Ünlü oyuncu Tamer Karadağlı'nın; hem yönettiği, hem de başrol oynadığı 'Süpertürk' adlı komedi filmi 17 Şubat'ta vizyona girecek. Bir kahramanın öyküsünü anlatan filmde; Karadağlı'nın eski eşi Arzu Balkan ile kızları Zeyno da rol alıyor. Balkan; filmde Karadağlı'nın oynadığı 'Ekber'in sevgilisi 'Zeynep'i canlandırıyor. Beş yaşındaki Zeyno ise, 'Zeynep' karakterinin çocukluğunu oynuyor. Boşanmalarına rağmen dost olarak kalmayı başaran Karadağlı ve Balkan'la; yeni projeleri 'Süpertürk'ü ve ilişkilerini konuştuk.
'Süpertürk'ün hikayesini biraz anlatır mısınız?
TAMER KARADAĞLI: "Bir süper kahraman Türkiye'de nasıl yaşar?" sorusundan yola çıkarak yapılmış bir film bu! Canlandırdığım 'Ekber' karakteri; başka bir gezegende doğuyor ama sonra ailesi tarafından Türkiye'ye gönderiliyor. Hikaye de böyle başlıyor. Ailecek izlenebilecek bir film oldu. Neticede Türk sinemasında çığır açacak ya da Oscar beklediğimiz bir iş değil. Amacımız; insanları güldürmek.
torpil filan yok
Arzu Hanım 'Zeynep' karakteri size nasıl teklif edildi?
ARZU BALKAN: Yapım şirketi önce Tamer'le konuşmuş ama o, ben istemem diye çok sıcak bakmamış. Sonra benden bir deneme çekimi istediler; ben de kabul ettim. Torpil falan yok, benden önce de 15 kişiyle görüşmüşler.
Tamer Bey'in yönetmenliğini nasıl değerlendiriyorsunuz?

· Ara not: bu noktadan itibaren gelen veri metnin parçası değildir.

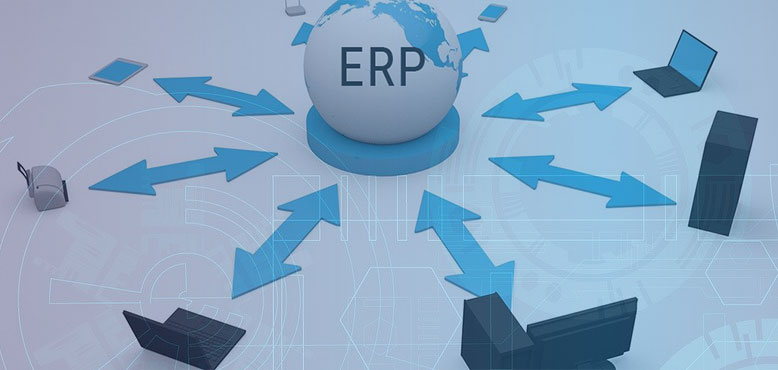 ERP-Software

A.B.: Bu projede en çok bu durumdan çekinmiştim. Çünkü hem yönetmenlik yapacak, hem oynayacak. Ama tahminlerimden daha iyi oldu. Tamer'in setteki herkesle ilişkisi nasılsa, benimle de öyleydi. Sert çıkması gerekiyorsa, çıkıyordu. Ama Tamer; düşündüğümden daha sabırlı çıktı. Ben zaten onun gözüne çok inanıyorum, kendimi de ona teslim ettim. Bu arada çekimler sırasında babamı kaybettim. "İçim kan ağlayarak nasıl çekim yapacağım?" diyordum ama ekip bana çok destek oldu.
ONU GÖRÜNCE GÖZÜM DOLDU
Filmde kızınız da rol alıyor. Zeyno'yu kamera karşısında görünce ne hissettiniz?

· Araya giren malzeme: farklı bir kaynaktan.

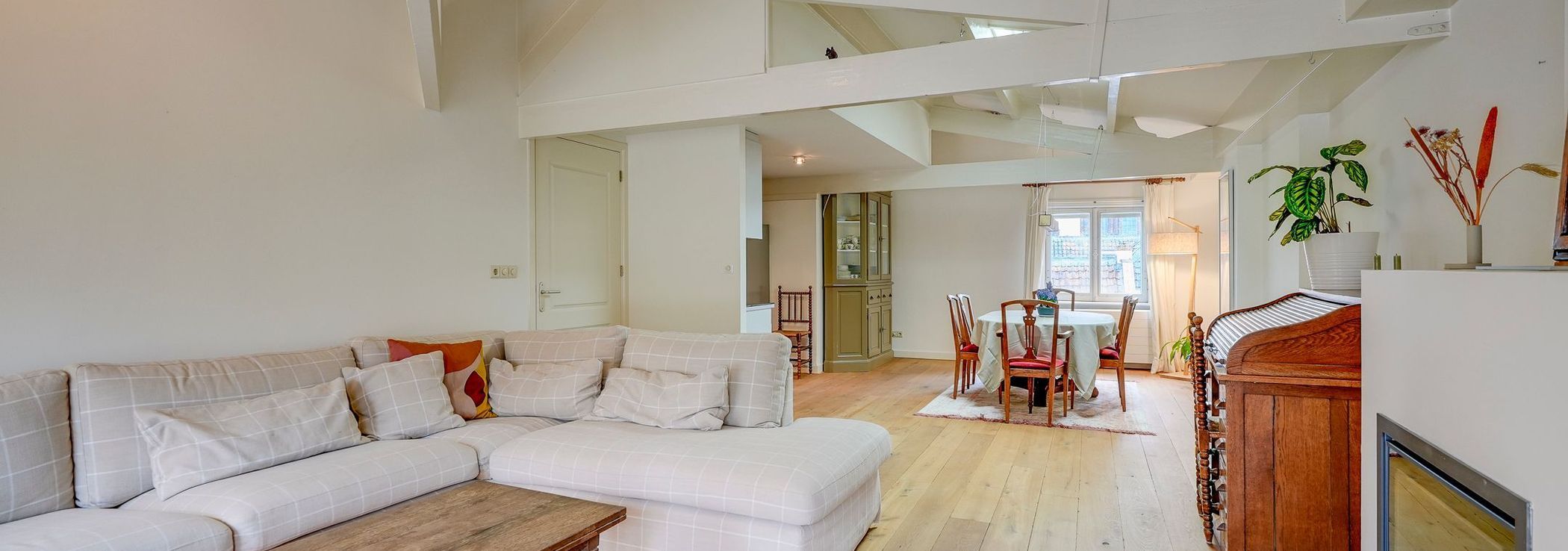 Hamburgerstraat 27 B, Utrecht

T.K.:Yönetmen koltuğundan ona bakarken gözlerim doldu. Üstelik çok da iyi iş çıkardı. Sete geldiğinde "Kameraya hiç bakma, kulağın bende olsun, ne söylersem yap" dedim. Bir-iki şey ezberlettim ve sorunsuz yaptı.

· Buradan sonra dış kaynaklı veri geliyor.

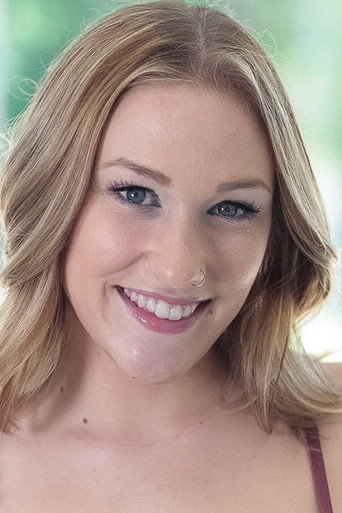 Portrait of Kasey Miller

'Süpertürk' Karadağlı ailesinin aile albümü gibi oldu sanırım...
T.K.: Aynen, aile albümü gibi oldu. Ben Zeyno'ya anlattığım masal kahramanlarının filmini çektim. Bundan daha mutlu edici ne olabilir ki? Zaten Zeyno'nun gözünde de ben de bir kahramanım.
Boşanmış bir çift olarak dengeleri nasıl kuruyorsunuz? Hayatınızda başka birileri olursa, sorun olmaz mı?
T.K.: Arzu'nun bu dengeleri kurmadaki payı büyük! O ayrılığımızı silah olarak kullanmadı. Zeyno; anne ve babasının ayrı evlerde yaşadıklarını düşünüyor. İleride ne olacağını bilemem ama şimdilik böyle mutluyuz.
A.B.: Tamer'in hayatında biri olsa da sorun olmaz. Bu Tamer'in bileceği bir şey.
ÇOK BİLİYORSAN GEL SEN YÖNET!
Tamer Bey ilk kez yönetmenlik yaptınız, nasıldı?
T.K.: Tüm ekibin sorumluluğunu üzerinize alıyorsunuz ama çok istediğim bir şeydi. Boyumuzun ölçüsünü alalım!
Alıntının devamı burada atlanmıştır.